_Task:_
Start to finish, retype the entries exactly while omitting the pictures.

_Excerpted data:_
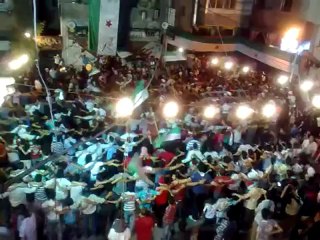 Syria فري برس  ريف دمشق مسائية التل 13 6 2012 ج9 Damascus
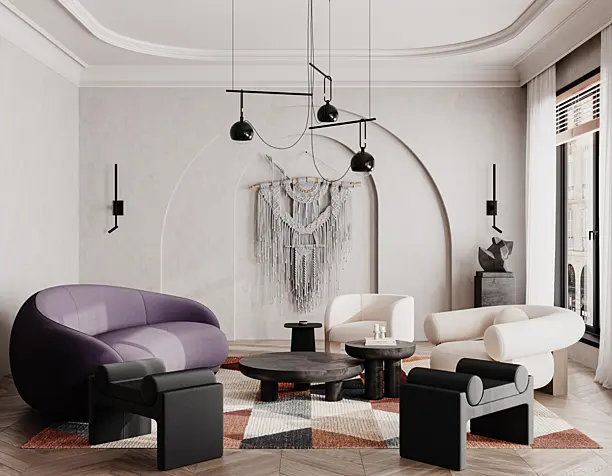 Momentum | eclectic style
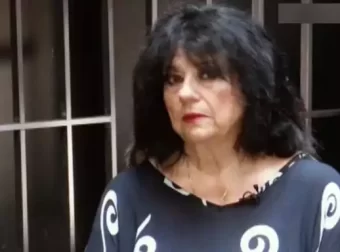 Άννα Βαγενά – «Η γωνιά του Λουκιανού στο σπίτι είναι όπως την άφησε, εκεί στο καναπεδάκι του»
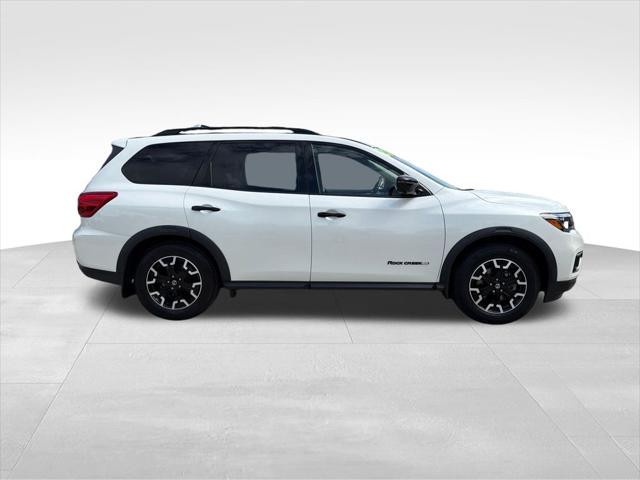 2020 Nissan Pathfinder SL 4WD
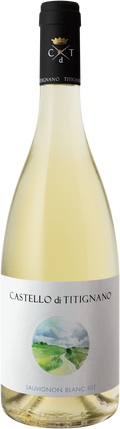 Castello di Titignano Tenuta di Salviano Sauvignon Blanc 750 ML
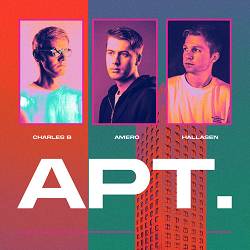 Charles B, Amero, Hallasen - APT.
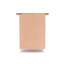 Peter 45 cm W Bedside Table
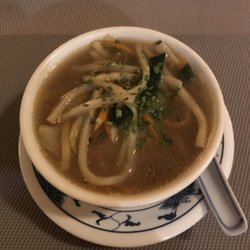 China Bistro - Panda - Wan Tan Suppe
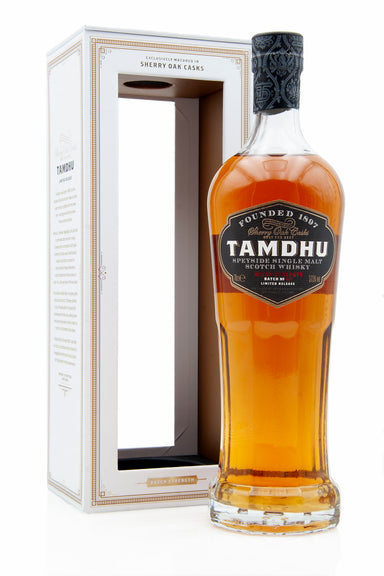 Tamdhu Batch Strength No 007 | Cask Strength Tamdhu | Abbey Whisky Online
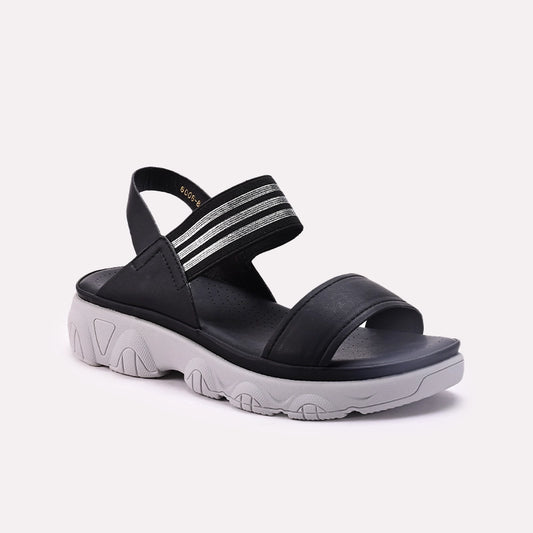 Casual Sandal Black 0421621
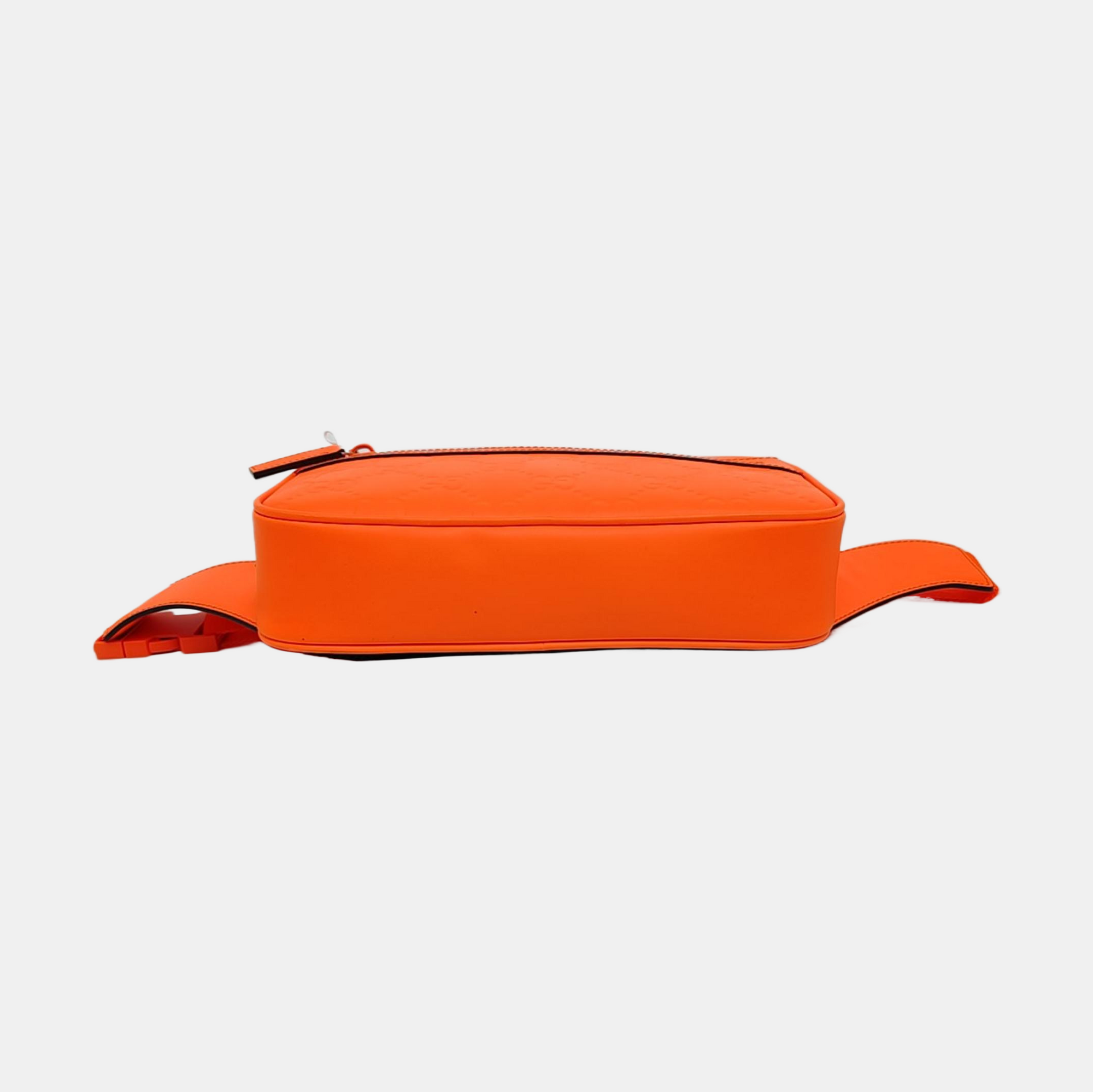 Monogram Special Material Orange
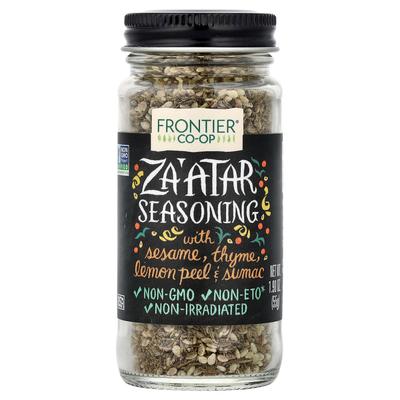 Frontier Natural Products Za'atar Seasoning 55g (1.90oz)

_Output:_
 Syria فري برس  ريف دمشق مسائية التل 13 6 2012 ج9 Damascus
 Momentum | eclectic style
 Άννα Βαγενά – «Η γωνιά του Λουκιανού στο σπίτι είναι όπως την άφησε, εκεί στο καναπεδάκι του»
 2020 Nissan Pathfinder SL 4WD
 Castello di Titignano Tenuta di Salviano Sauvignon Blanc 750 ML
 Charles B, Amero, Hallasen - APT.
 Peter 45 cm W Bedside Table
 China Bistro - Panda - Wan Tan Suppe
 Tamdhu Batch Strength No 007 | Cask Strength Tamdhu | Abbey Whisky Online
 Casual Sandal Black 0421621
 Monogram Special Material Orange
 Frontier Natural Products Za'atar Seasoning 55g (1.90oz)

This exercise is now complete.